Improving special hydrolysis characterization into Talaromyces thermophilus F1208 xylanase by engineering of N-terminal extension and site-directed mutagenesis in C-terminal.

The purpose of this study was to gain insights into the hydrolysis characteristics of xylanase in producing xylo-oligosaccharides and to improve these by protein engineering. In this study, a hybrid enzyme (T-XynFM) was created from Talaromyces thermophilus F1208 xylanase (T-Xyn) by replacement of the N-terminal extension Phe1-Pro16 with Ala1-Gln8 and substitution of amino acid Phe193 (185) with Ser in the C-terminal.
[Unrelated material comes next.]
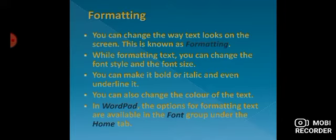While formatting text you can change the font style and font size. You can make it bold or italic and even underline it.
The enzyme showed optimum activity at 55°C and pH 6.5. Its residual activity was more than 55% after treatment at 50°C, pH 6.5 for 12h Km values of T-XynFM for beechwood xylan, birchwood xylan, and oat-spelt xylan were 10.31, 10.03, and 8.90mgmL-1, respectively. The enzyme displayed special hydrolysis characteristics: almost no xylose was produced on using xylotriose (X3), xylotetraose (X4), and xylopentaose as substrates. Moreover, over 60% X4 existed in hydrolyzed products of X3, indicating that T-XynFM possesses formidable transglycosylation properties.